Methods: Transcranial magnetic stimulation was applied in 52 MS patients to determine the central motor conduction time (CMCT) to the extremities. We calculated Z-scores for each CMCT (Zcmct) corrected for height. All patients underwent two clinical measurements and a MRI scan, of which T1 and T2 brain lesion volumes, brain volume, spinal cord volume and the number of T2 spinal cord lesions were derived.
Results: The clinical measurements correlated significantly with various Zcmct (Spearman correlation coefficients ranged from 0.29 to 0.53; p<0.05). The number of spinal cord lesions, brain T1 and T2 lesion volume and spinal cord volume correlated with various Zcmct (r=0.31-0.53; p<0.05). Linear regression analysis revealed that the clinical measurements were explained by Zcmct left leg and T1 lesion volume (adjusted R(2)=0.38). For one clinical measurement the number of spinal cord lesions was also included (adjusted R(2)=0.43).

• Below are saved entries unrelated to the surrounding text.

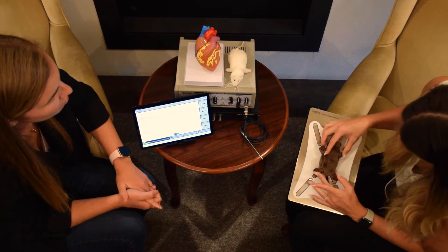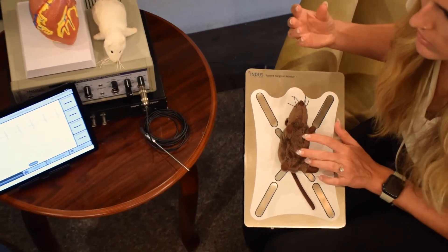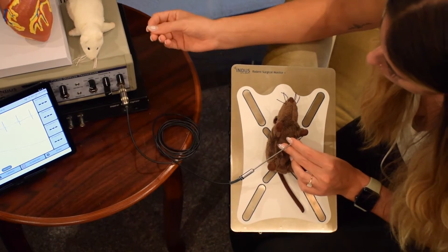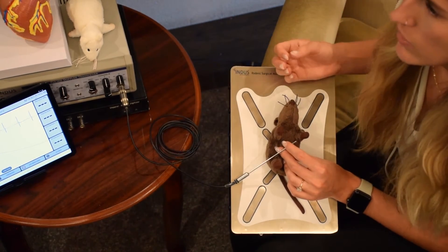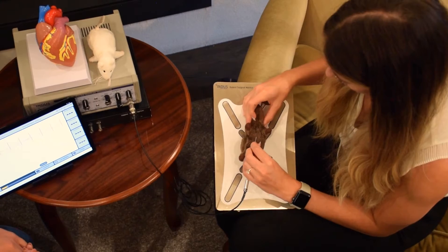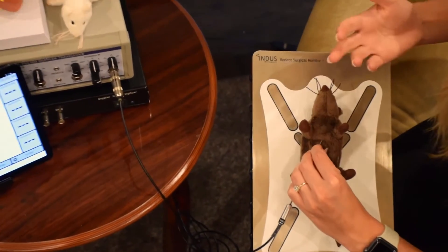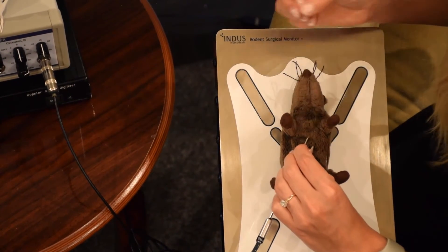Once they're taped down to the platform, with an anesthesia nose cone if you're using gas anesthesia, we take our Doppler probe. All of our settings are done on this transceiver here, and we adjust according to the depth we need the sound to travel — dependent on the size of the animal and which vessel we're targeting. For example, for the mitral valve, we place the probe just underneath the ribcage and angle toward where the mitral valve would be, adjusting the depth on the transceiver to achieve the optimal signal.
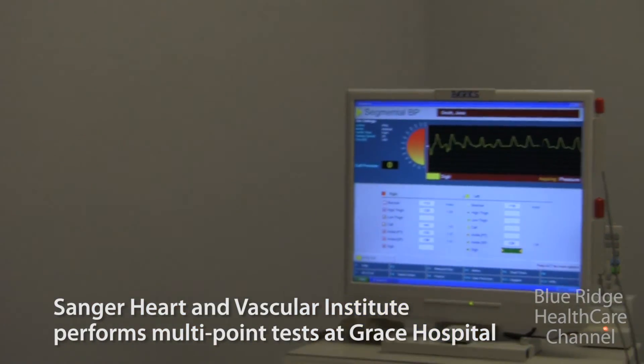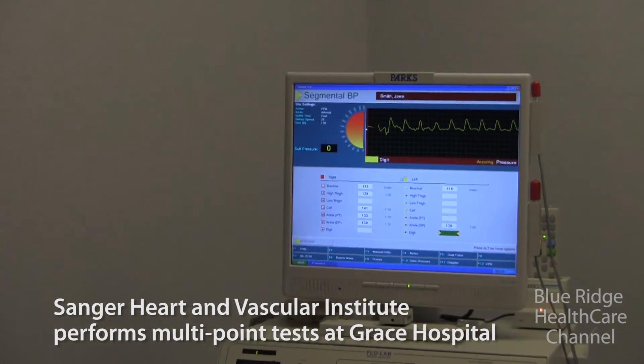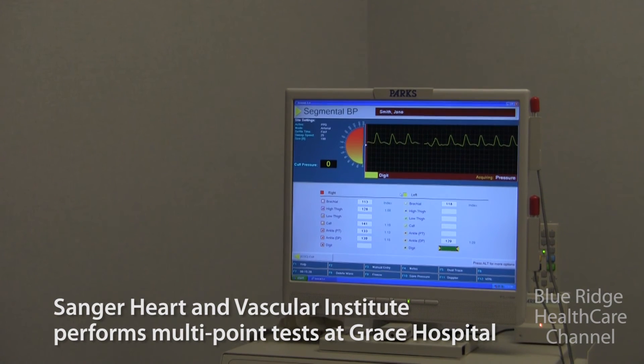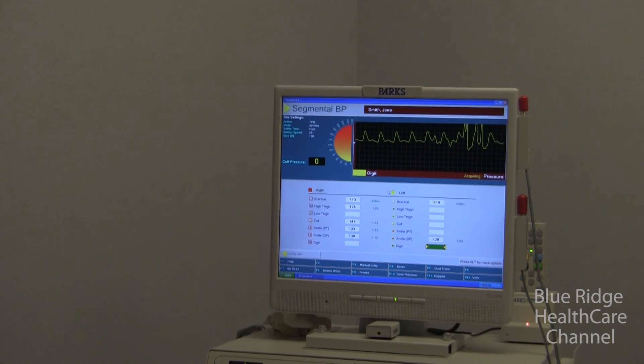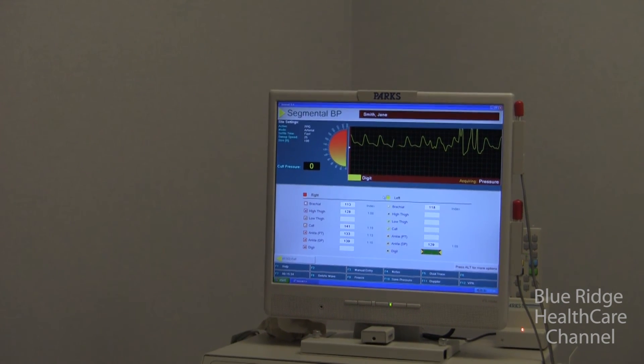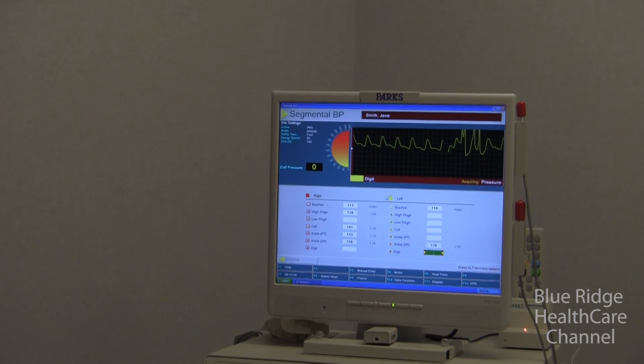This sensor is so sensitive that if we move it actually picks up the movement. There's the toe trace — see how it responds when I do this? That's her toe trace.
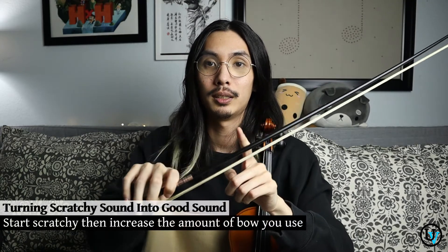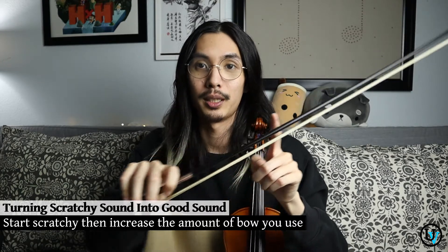Sometimes students can't scratch at first because they're used to squeezing near the frog area. You have to understand that it's the arm weight you apply — nice and sitting on the string, relaxed, especially the thumb. So why do we want to scratch? The idea is that if you start scratching — meaning you're doing too much — you can shave it down and easily find your maximum volume. But if you start too small, it'll take much longer to find your maximum limit. So we're going to start scratching, then use more and more bow as we play, always coming back to the frog, never squeezing the thumb, until we're in the upper half area.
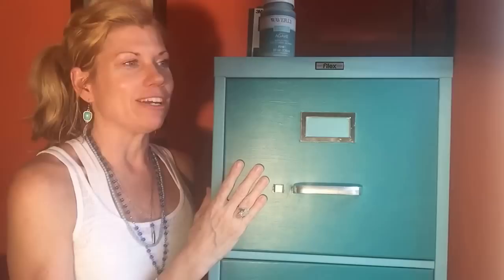Hi, thank you for tuning into my channel. Today I'm going to show you how simple and easy it is to paint a home office cabinet — or any office cabinet — or if you just wanted to paint metal, I would do it the same way.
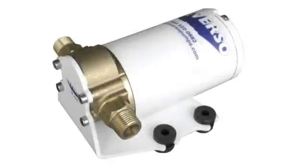A powerful and dependable self-priming 12-volt reversing gear pump provides 2 gallons per minute flow, eliminating slow and potentially awkward hand pump operations.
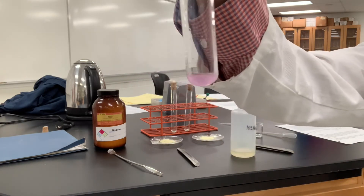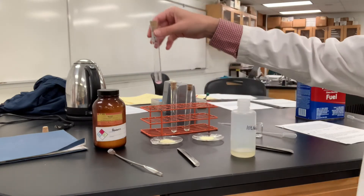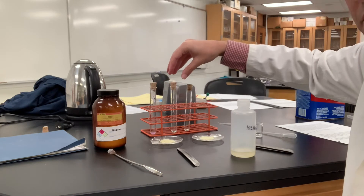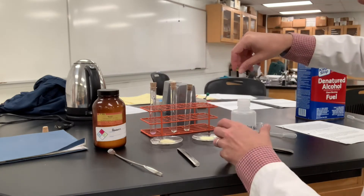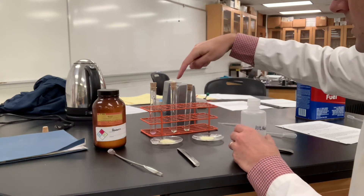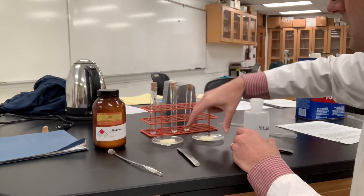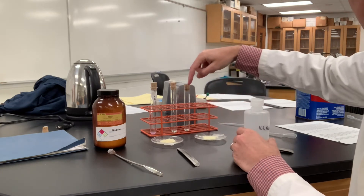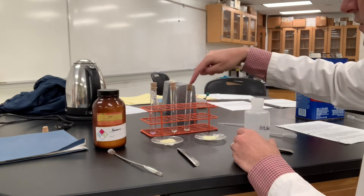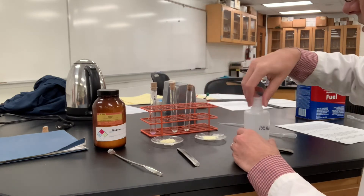We don't need grams and grams of material — just half a milligram and a little bit of ethanol to see that. Now when you do benzyl, it's pretty cool. Let me show you what happens. I'll do these side by side. The test tube in the middle is the copper acetate catalyzed reaction, and the test tube on the right is the copper nitrate. I might mix them up in the video, but just remember the smaller test tube is copper nitrate and the taller one is the copper acetate.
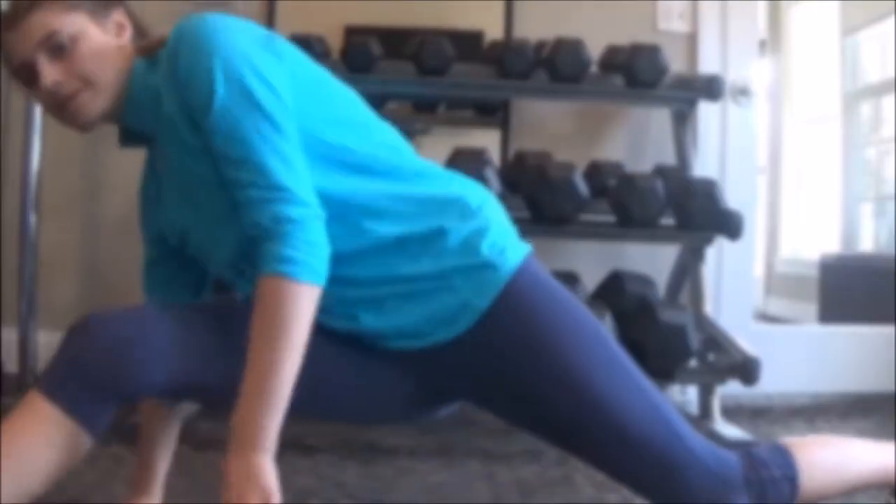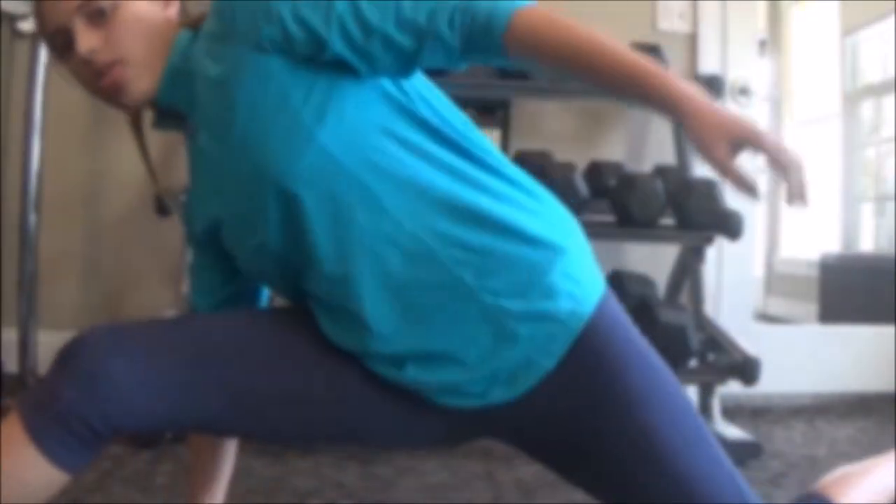Next is a split. I am not flexible at all and I have never been flexible, so this is going to be hard. I'm still not flexible enough to do a split.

Conclusion: We found a relation between MEP, brain and spinal cord MRI measures, and two clinical measures. Moreover, a model for explaining disability in MS revealed that MEP measures provide information in addition to MRI measures.
Significance: This study suggests that MEP is a measure that might adequately reflect pathology and neurological dysfunction in MS.